BRIEF ▸
The answer should contain each record below, repeated exactly.
====== RECORDS FOR THE TASK ======
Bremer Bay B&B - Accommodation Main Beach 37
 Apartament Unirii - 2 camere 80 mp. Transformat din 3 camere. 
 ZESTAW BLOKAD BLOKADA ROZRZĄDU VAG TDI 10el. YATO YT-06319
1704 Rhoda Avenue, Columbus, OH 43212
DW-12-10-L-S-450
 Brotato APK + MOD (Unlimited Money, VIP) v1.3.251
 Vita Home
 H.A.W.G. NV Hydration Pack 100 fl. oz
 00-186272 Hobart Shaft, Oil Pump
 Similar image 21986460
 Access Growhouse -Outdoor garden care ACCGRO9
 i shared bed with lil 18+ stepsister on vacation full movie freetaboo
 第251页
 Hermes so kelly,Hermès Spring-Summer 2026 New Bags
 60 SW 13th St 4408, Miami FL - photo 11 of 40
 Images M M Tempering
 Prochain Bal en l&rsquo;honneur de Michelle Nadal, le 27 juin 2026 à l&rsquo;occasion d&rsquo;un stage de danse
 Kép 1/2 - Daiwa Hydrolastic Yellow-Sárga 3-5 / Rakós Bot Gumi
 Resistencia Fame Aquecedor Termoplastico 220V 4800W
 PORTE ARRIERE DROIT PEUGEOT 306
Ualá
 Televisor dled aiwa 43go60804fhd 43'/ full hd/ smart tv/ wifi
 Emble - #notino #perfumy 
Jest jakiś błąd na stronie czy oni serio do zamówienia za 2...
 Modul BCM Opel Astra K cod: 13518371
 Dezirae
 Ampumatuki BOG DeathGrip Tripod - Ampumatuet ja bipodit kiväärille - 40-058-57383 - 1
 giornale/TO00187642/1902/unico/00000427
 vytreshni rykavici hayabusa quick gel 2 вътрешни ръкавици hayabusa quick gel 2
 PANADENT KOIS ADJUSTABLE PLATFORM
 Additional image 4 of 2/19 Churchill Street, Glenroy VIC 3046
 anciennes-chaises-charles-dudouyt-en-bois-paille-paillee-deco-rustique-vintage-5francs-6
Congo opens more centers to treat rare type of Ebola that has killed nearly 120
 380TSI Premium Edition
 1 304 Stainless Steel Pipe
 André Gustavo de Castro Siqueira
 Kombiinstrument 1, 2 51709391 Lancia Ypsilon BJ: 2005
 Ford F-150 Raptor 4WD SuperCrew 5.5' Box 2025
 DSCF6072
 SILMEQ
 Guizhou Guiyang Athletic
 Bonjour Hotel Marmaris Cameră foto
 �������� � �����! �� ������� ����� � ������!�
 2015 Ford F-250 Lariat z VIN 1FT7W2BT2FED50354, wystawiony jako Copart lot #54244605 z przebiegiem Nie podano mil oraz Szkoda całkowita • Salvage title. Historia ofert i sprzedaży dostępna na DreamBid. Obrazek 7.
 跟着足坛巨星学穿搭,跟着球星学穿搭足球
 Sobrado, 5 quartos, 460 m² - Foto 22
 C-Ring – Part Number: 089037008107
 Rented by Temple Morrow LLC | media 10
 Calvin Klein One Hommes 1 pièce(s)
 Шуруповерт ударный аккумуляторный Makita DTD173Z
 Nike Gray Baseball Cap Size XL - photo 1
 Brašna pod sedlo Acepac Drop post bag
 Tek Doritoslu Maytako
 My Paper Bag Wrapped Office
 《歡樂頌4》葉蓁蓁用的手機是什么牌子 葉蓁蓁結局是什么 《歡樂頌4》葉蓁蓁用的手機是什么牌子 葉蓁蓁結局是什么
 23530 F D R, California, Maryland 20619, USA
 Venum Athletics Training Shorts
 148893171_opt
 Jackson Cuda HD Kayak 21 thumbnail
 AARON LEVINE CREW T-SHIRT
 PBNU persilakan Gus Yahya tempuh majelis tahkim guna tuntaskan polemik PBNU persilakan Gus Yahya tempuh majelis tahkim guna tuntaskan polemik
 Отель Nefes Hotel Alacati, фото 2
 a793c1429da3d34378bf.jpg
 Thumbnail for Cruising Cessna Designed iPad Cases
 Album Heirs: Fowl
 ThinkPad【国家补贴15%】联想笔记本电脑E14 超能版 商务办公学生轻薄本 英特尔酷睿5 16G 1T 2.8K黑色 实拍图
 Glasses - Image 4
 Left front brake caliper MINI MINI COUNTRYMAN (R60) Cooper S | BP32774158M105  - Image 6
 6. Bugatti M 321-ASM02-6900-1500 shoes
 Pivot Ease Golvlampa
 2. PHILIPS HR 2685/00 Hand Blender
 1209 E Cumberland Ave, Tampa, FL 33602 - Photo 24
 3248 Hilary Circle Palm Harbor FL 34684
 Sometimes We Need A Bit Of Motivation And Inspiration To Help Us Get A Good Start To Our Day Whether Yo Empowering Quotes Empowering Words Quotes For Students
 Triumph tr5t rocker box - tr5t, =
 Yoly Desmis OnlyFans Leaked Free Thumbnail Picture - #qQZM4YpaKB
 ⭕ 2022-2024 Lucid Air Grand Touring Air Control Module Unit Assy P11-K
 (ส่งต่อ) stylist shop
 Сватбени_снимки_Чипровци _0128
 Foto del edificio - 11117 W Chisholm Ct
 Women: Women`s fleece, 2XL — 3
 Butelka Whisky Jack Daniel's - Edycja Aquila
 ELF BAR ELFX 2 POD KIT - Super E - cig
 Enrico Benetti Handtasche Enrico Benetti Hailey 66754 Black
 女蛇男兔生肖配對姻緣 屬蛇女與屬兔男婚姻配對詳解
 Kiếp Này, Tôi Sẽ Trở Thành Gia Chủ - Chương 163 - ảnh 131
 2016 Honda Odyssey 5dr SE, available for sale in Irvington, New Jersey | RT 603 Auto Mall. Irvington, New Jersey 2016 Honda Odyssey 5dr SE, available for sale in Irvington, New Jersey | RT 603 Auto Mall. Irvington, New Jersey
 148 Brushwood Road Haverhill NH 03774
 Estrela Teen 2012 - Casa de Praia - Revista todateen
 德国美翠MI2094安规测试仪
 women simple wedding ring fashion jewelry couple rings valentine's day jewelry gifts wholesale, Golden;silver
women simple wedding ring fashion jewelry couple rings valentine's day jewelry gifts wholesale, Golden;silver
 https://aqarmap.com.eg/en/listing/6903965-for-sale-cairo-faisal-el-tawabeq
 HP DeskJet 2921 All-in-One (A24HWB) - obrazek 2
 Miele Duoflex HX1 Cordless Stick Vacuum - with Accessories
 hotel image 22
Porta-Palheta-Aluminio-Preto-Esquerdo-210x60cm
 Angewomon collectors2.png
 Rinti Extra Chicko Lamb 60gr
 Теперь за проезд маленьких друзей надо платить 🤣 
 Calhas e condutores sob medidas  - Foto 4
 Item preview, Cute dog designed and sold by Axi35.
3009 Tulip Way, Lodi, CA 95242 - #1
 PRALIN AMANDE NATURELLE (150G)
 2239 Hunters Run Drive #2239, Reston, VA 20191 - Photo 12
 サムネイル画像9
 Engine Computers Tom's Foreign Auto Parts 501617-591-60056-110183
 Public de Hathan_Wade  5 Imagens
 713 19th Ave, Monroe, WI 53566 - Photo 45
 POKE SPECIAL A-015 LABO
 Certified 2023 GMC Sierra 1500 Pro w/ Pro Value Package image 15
======
TASK SOLUTION ▸
Bremer Bay B&B - Accommodation Main Beach 37
 Apartament Unirii - 2 camere 80 mp. Transformat din 3 camere. 
 ZESTAW BLOKAD BLOKADA ROZRZĄDU VAG TDI 10el. YATO YT-06319
1704 Rhoda Avenue, Columbus, OH 43212
DW-12-10-L-S-450
 Brotato APK + MOD (Unlimited Money, VIP) v1.3.251
 Vita Home
 H.A.W.G. NV Hydration Pack 100 fl. oz
 00-186272 Hobart Shaft, Oil Pump
 Similar image 21986460
 Access Growhouse -Outdoor garden care ACCGRO9
 i shared bed with lil 18+ stepsister on vacation full movie freetaboo
 第251页
 Hermes so kelly,Hermès Spring-Summer 2026 New Bags
 60 SW 13th St 4408, Miami FL - photo 11 of 40
 Images M M Tempering
 Prochain Bal en l&rsquo;honneur de Michelle Nadal, le 27 juin 2026 à l&rsquo;occasion d&rsquo;un stage de danse
 Kép 1/2 - Daiwa Hydrolastic Yellow-Sárga 3-5 / Rakós Bot Gumi
 Resistencia Fame Aquecedor Termoplastico 220V 4800W
 PORTE ARRIERE DROIT PEUGEOT 306
Ualá
 Televisor dled aiwa 43go60804fhd 43'/ full hd/ smart tv/ wifi
 Emble - #notino #perfumy 
Jest jakiś błąd na stronie czy oni serio do zamówienia za 2...
 Modul BCM Opel Astra K cod: 13518371
 Dezirae
 Ampumatuki BOG DeathGrip Tripod - Ampumatuet ja bipodit kiväärille - 40-058-57383 - 1
 giornale/TO00187642/1902/unico/00000427
 vytreshni rykavici hayabusa quick gel 2 вътрешни ръкавици hayabusa quick gel 2
 PANADENT KOIS ADJUSTABLE PLATFORM
 Additional image 4 of 2/19 Churchill Street, Glenroy VIC 3046
 anciennes-chaises-charles-dudouyt-en-bois-paille-paillee-deco-rustique-vintage-5francs-6
Congo opens more centers to treat rare type of Ebola that has killed nearly 120
 380TSI Premium Edition
 1 304 Stainless Steel Pipe
 André Gustavo de Castro Siqueira
 Kombiinstrument 1, 2 51709391 Lancia Ypsilon BJ: 2005
 Ford F-150 Raptor 4WD SuperCrew 5.5' Box 2025
 DSCF6072
 SILMEQ
 Guizhou Guiyang Athletic
 Bonjour Hotel Marmaris Cameră foto
 �������� � �����! �� ������� ����� � ������!�
 2015 Ford F-250 Lariat z VIN 1FT7W2BT2FED50354, wystawiony jako Copart lot #54244605 z przebiegiem Nie podano mil oraz Szkoda całkowita • Salvage title. Historia ofert i sprzedaży dostępna na DreamBid. Obrazek 7.
 跟着足坛巨星学穿搭,跟着球星学穿搭足球
 Sobrado, 5 quartos, 460 m² - Foto 22
 C-Ring – Part Number: 089037008107
 Rented by Temple Morrow LLC | media 10
 Calvin Klein One Hommes 1 pièce(s)
 Шуруповерт ударный аккумуляторный Makita DTD173Z
 Nike Gray Baseball Cap Size XL - photo 1
 Brašna pod sedlo Acepac Drop post bag
 Tek Doritoslu Maytako
 My Paper Bag Wrapped Office
 《歡樂頌4》葉蓁蓁用的手機是什么牌子 葉蓁蓁結局是什么 《歡樂頌4》葉蓁蓁用的手機是什么牌子 葉蓁蓁結局是什么
 23530 F D R, California, Maryland 20619, USA
 Venum Athletics Training Shorts
 148893171_opt
 Jackson Cuda HD Kayak 21 thumbnail
 AARON LEVINE CREW T-SHIRT
 PBNU persilakan Gus Yahya tempuh majelis tahkim guna tuntaskan polemik PBNU persilakan Gus Yahya tempuh majelis tahkim guna tuntaskan polemik
 Отель Nefes Hotel Alacati, фото 2
 a793c1429da3d34378bf.jpg
 Thumbnail for Cruising Cessna Designed iPad Cases
 Album Heirs: Fowl
 ThinkPad【国家补贴15%】联想笔记本电脑E14 超能版 商务办公学生轻薄本 英特尔酷睿5 16G 1T 2.8K黑色 实拍图
 Glasses - Image 4
 Left front brake caliper MINI MINI COUNTRYMAN (R60) Cooper S | BP32774158M105  - Image 6
 6. Bugatti M 321-ASM02-6900-1500 shoes
 Pivot Ease Golvlampa
 2. PHILIPS HR 2685/00 Hand Blender
 1209 E Cumberland Ave, Tampa, FL 33602 - Photo 24
 3248 Hilary Circle Palm Harbor FL 34684
 Sometimes We Need A Bit Of Motivation And Inspiration To Help Us Get A Good Start To Our Day Whether Yo Empowering Quotes Empowering Words Quotes For Students
 Triumph tr5t rocker box - tr5t, =
 Yoly Desmis OnlyFans Leaked Free Thumbnail Picture - #qQZM4YpaKB
 ⭕ 2022-2024 Lucid Air Grand Touring Air Control Module Unit Assy P11-K
 (ส่งต่อ) stylist shop
 Сватбени_снимки_Чипровци _0128
 Foto del edificio - 11117 W Chisholm Ct
 Women: Women`s fleece, 2XL — 3
 Butelka Whisky Jack Daniel's - Edycja Aquila
 ELF BAR ELFX 2 POD KIT - Super E - cig
 Enrico Benetti Handtasche Enrico Benetti Hailey 66754 Black
 女蛇男兔生肖配對姻緣 屬蛇女與屬兔男婚姻配對詳解
 Kiếp Này, Tôi Sẽ Trở Thành Gia Chủ - Chương 163 - ảnh 131
 2016 Honda Odyssey 5dr SE, available for sale in Irvington, New Jersey | RT 603 Auto Mall. Irvington, New Jersey 2016 Honda Odyssey 5dr SE, available for sale in Irvington, New Jersey | RT 603 Auto Mall. Irvington, New Jersey
 148 Brushwood Road Haverhill NH 03774
 Estrela Teen 2012 - Casa de Praia - Revista todateen
 德国美翠MI2094安规测试仪
 women simple wedding ring fashion jewelry couple rings valentine's day jewelry gifts wholesale, Golden;silver
women simple wedding ring fashion jewelry couple rings valentine's day jewelry gifts wholesale, Golden;silver
 https://aqarmap.com.eg/en/listing/6903965-for-sale-cairo-faisal-el-tawabeq
 HP DeskJet 2921 All-in-One (A24HWB) - obrazek 2
 Miele Duoflex HX1 Cordless Stick Vacuum - with Accessories
 hotel image 22
Porta-Palheta-Aluminio-Preto-Esquerdo-210x60cm
 Angewomon collectors2.png
 Rinti Extra Chicko Lamb 60gr
 Теперь за проезд маленьких друзей надо платить 🤣 
 Calhas e condutores sob medidas  - Foto 4
 Item preview, Cute dog designed and sold by Axi35.
3009 Tulip Way, Lodi, CA 95242 - #1
 PRALIN AMANDE NATURELLE (150G)
 2239 Hunters Run Drive #2239, Reston, VA 20191 - Photo 12
 サムネイル画像9
 Engine Computers Tom's Foreign Auto Parts 501617-591-60056-110183
 Public de Hathan_Wade  5 Imagens
 713 19th Ave, Monroe, WI 53566 - Photo 45
 POKE SPECIAL A-015 LABO
 Certified 2023 GMC Sierra 1500 Pro w/ Pro Value Package image 15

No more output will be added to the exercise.